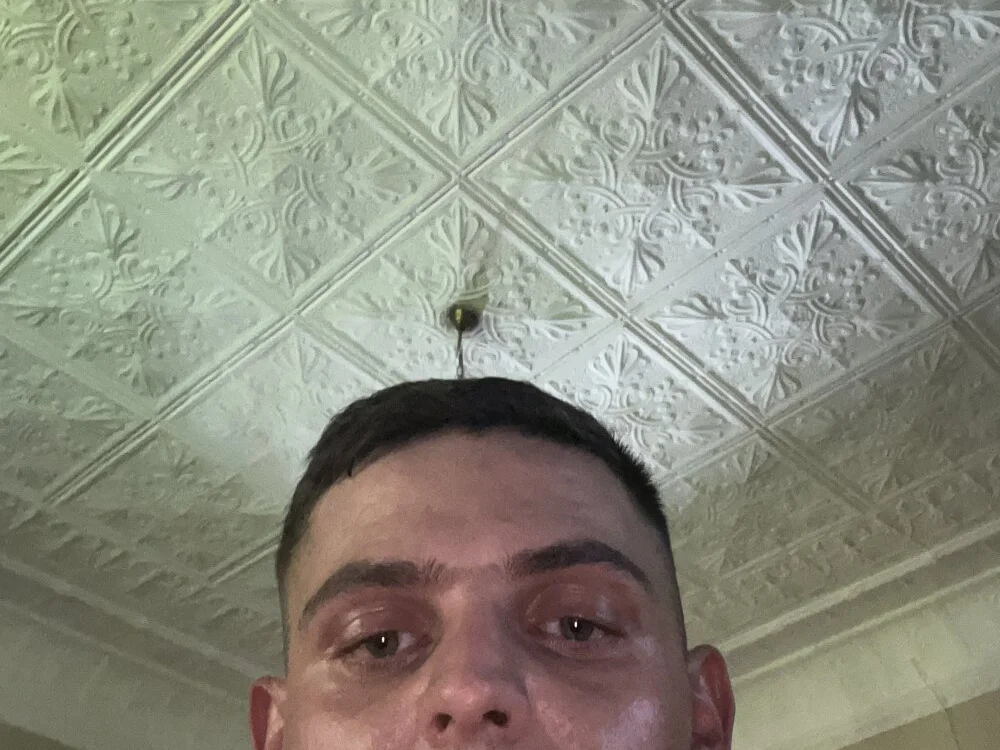 Pielie14 오프라인 XXX 채팅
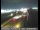 Webcam in Antioch, California, 16.9 mi away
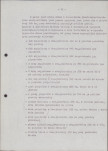 Ewidencja parkowa, skan nr 19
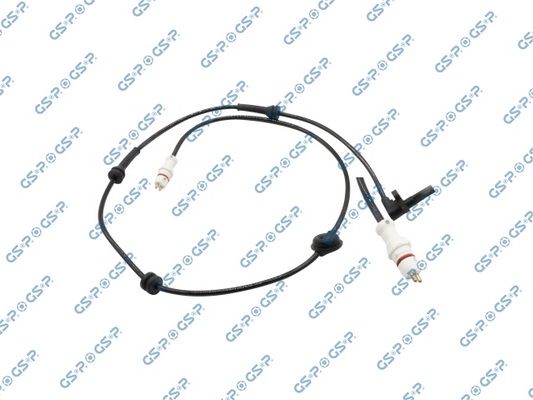GSP-9A0541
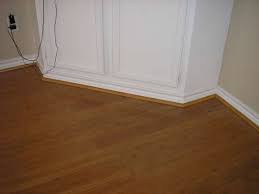 Molding Laminate Flooring Laminate Installation Flooring Floor Trim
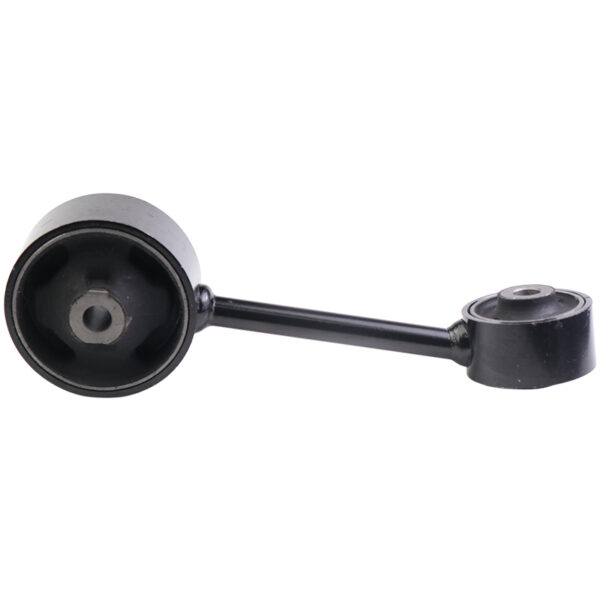 Engine Mount 12363-20040 For Toyota Harrier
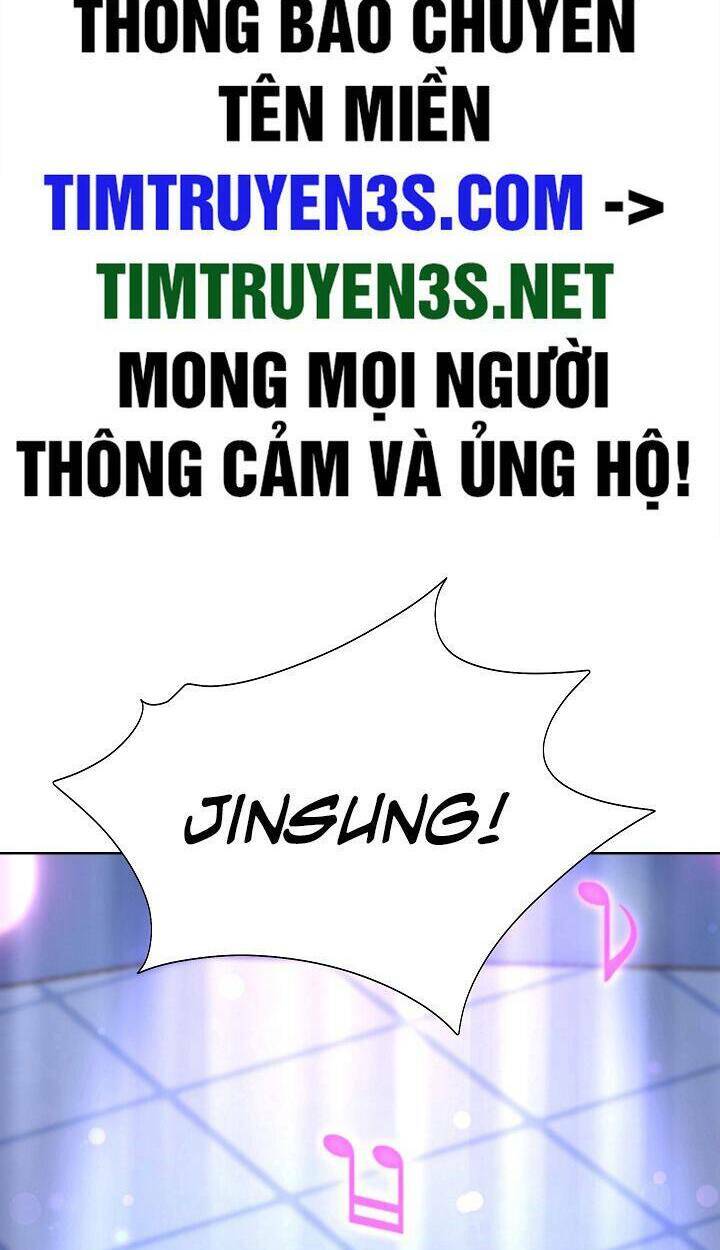 Chương 77 - Trang 3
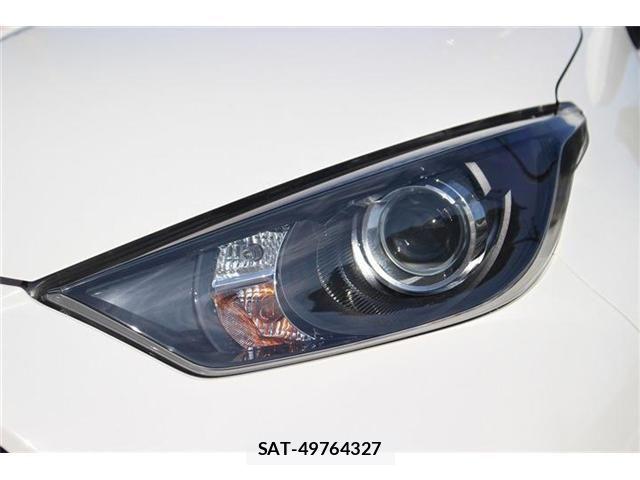 Toyota YARIS 2021-03 7227700-14
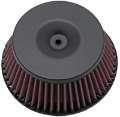 Picture of K&N 89-06 Kawasaki KDX200-97-07 KLX300R Air Filter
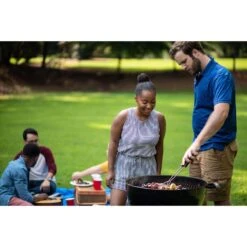 Grill Mark Premium Blend Charcoal Briquettes 15.4 Lb 11 Grill Mark Premium Blend Charcoal Briquettes 15.4 Lb -Grill Masters Outlet 05ac2547 709d 420a b8f5 9a2a63fdc91b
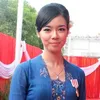 lindswell kwok, berita lindswell kwok, lindswell kwok berhijab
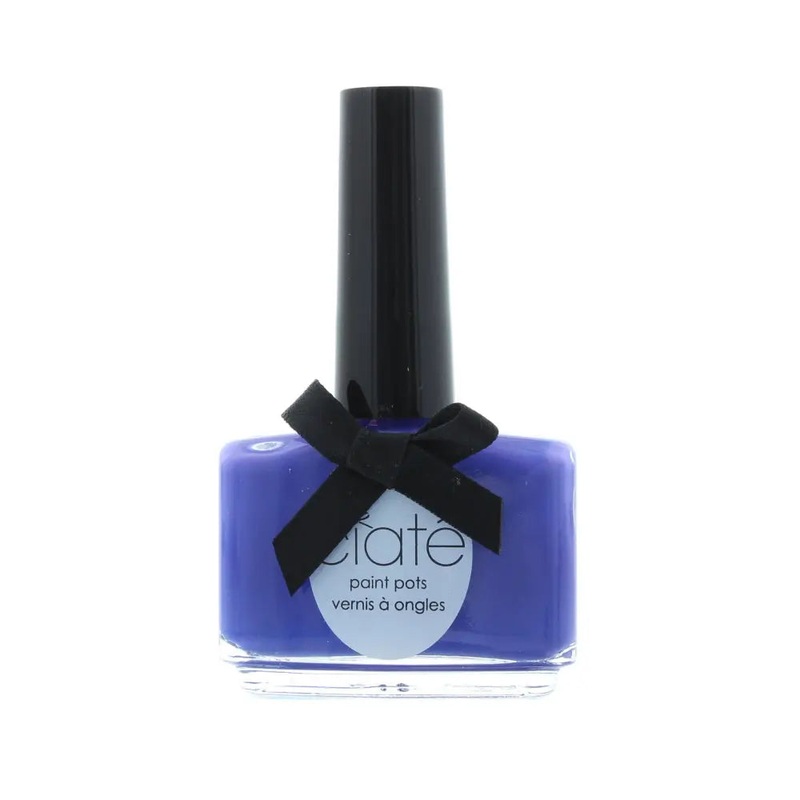 Ciat What The Shell Nail Polish 13.5ml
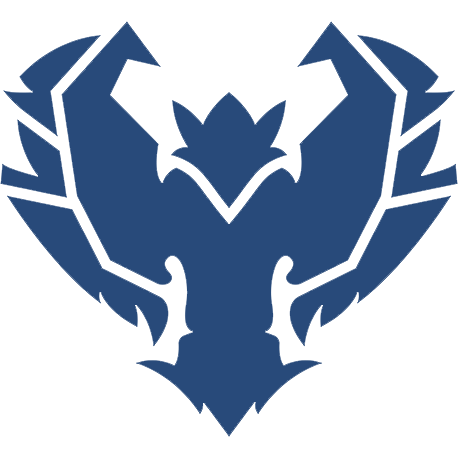 https://dkjhsvjwmmioncztcwzh.supabase.co/storage/v1/object/public/logos/teams/98/main.webp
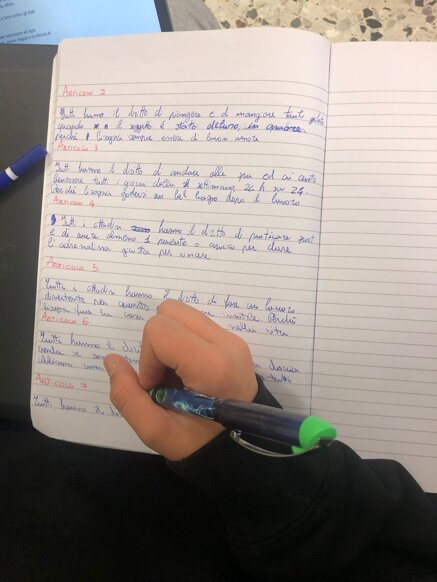 ac5605868da84e42265a85e1eb24b169fbab968b.jpeg ac5605868da84e42265a85e1eb24b169fbab968b.jpeg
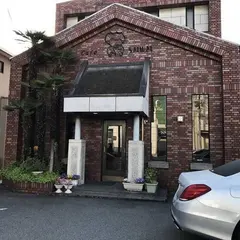 さいわい（喫茶）光ケ丘店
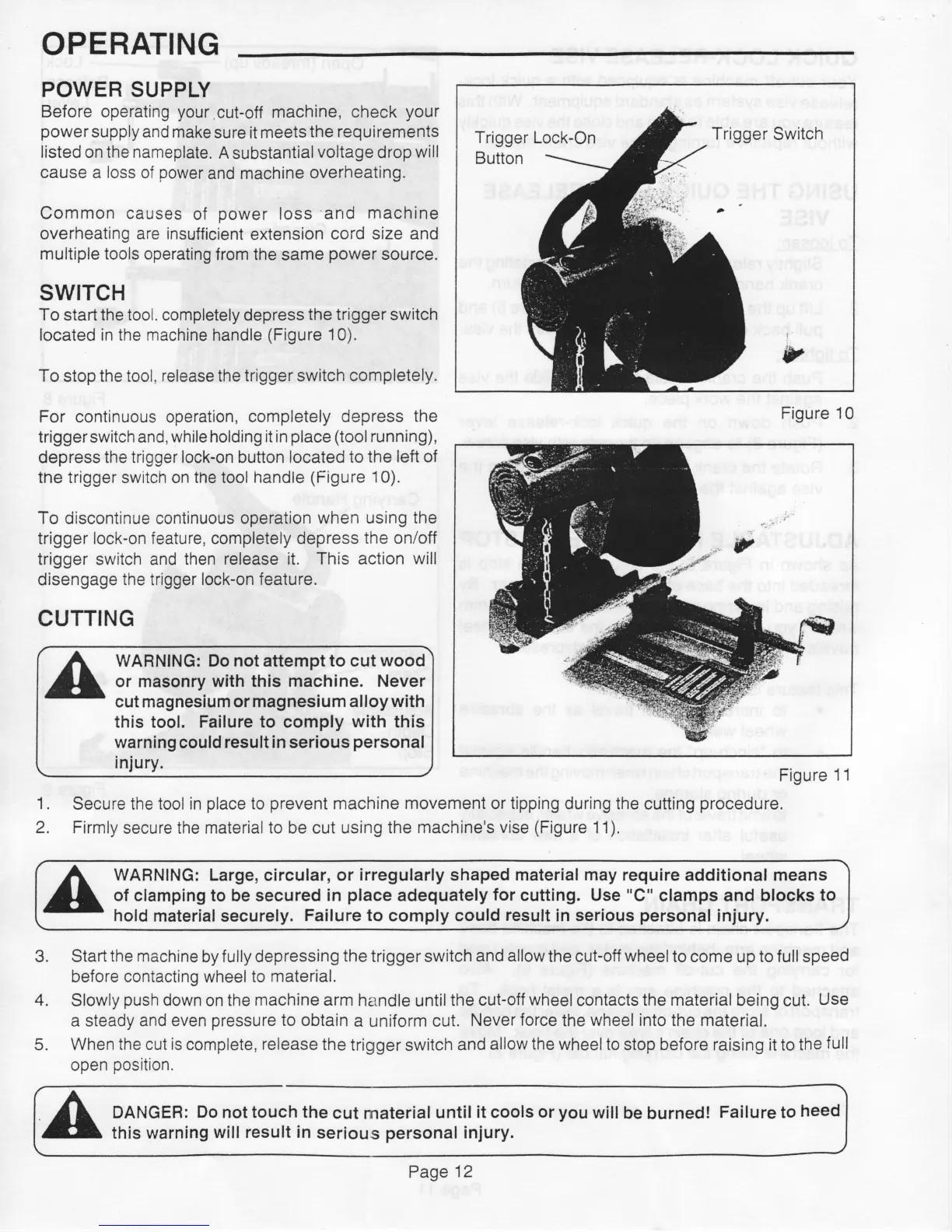Page #12 background image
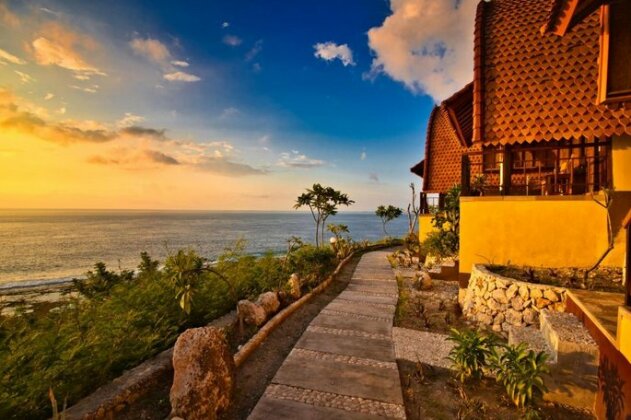 Song Cang Bungalow - Photo4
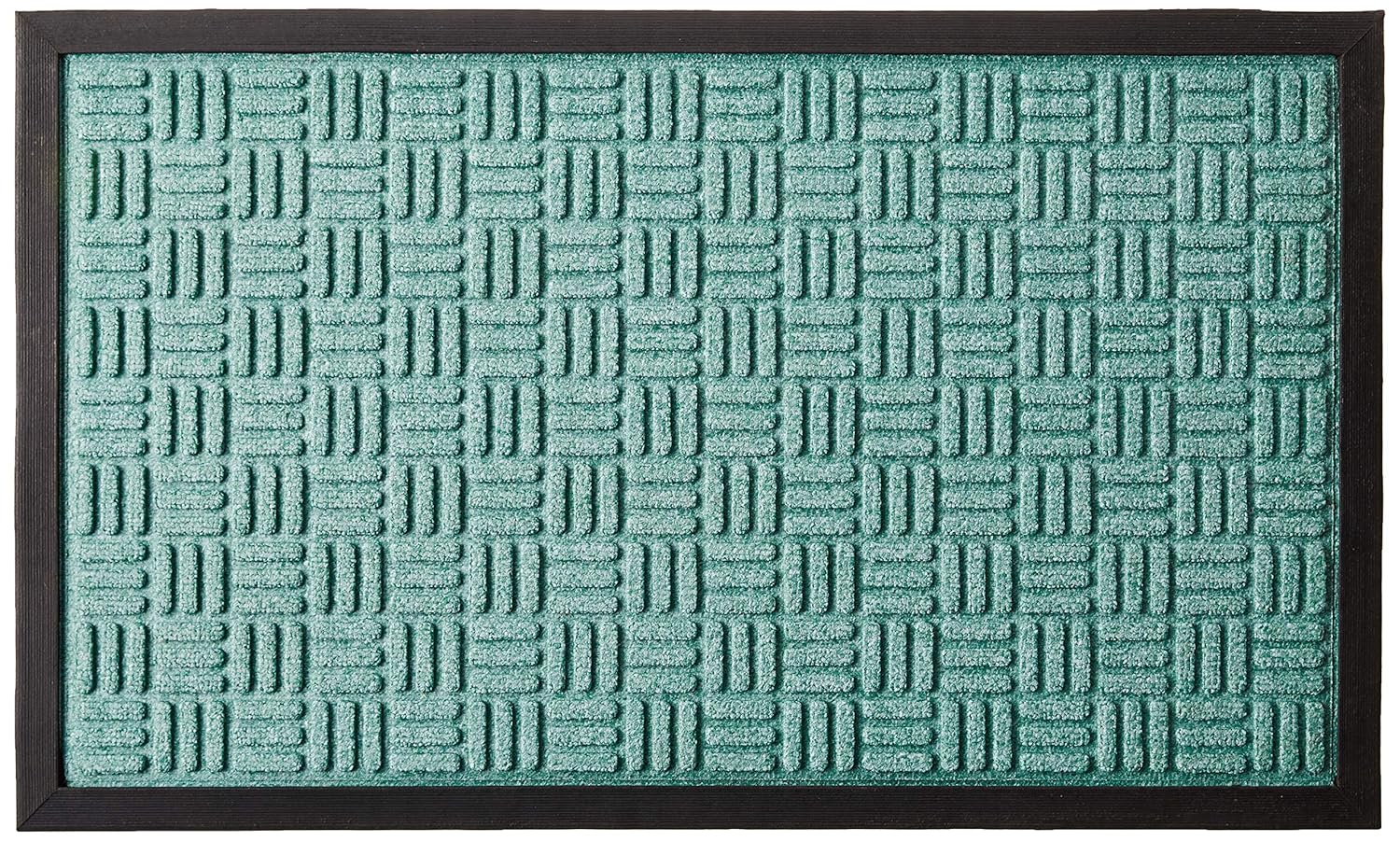 Best Teal Kitchen Floor Mats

● ● ● ●

PROBLEM DETAILS:
All of the material goes into the answer exactly as it stands, except for the pictures.

SOLUTION TO THIS EXERCISE:
 Pielie14 오프라인 XXX 채팅
 Webcam in Antioch, California, 16.9 mi away
 Ewidencja parkowa, skan nr 19
GSP-9A0541
 Molding Laminate Flooring Laminate Installation Flooring Floor Trim
 Engine Mount 12363-20040 For Toyota Harrier
 Chương 77 - Trang 3
 Toyota YARIS 2021-03 7227700-14
 Picture of K&N 89-06 Kawasaki KDX200-97-07 KLX300R Air Filter
 Grill Mark Premium Blend Charcoal Briquettes 15.4 Lb 11 Grill Mark Premium Blend Charcoal Briquettes 15.4 Lb -Grill Masters Outlet 05ac2547 709d 420a b8f5 9a2a63fdc91b
 lindswell kwok, berita lindswell kwok, lindswell kwok berhijab
 Ciat What The Shell Nail Polish 13.5ml
 https://dkjhsvjwmmioncztcwzh.supabase.co/storage/v1/object/public/logos/teams/98/main.webp
 ac5605868da84e42265a85e1eb24b169fbab968b.jpeg ac5605868da84e42265a85e1eb24b169fbab968b.jpeg
 さいわい（喫茶）光ケ丘店
Page #12 background image
 Song Cang Bungalow - Photo4
 Best Teal Kitchen Floor Mats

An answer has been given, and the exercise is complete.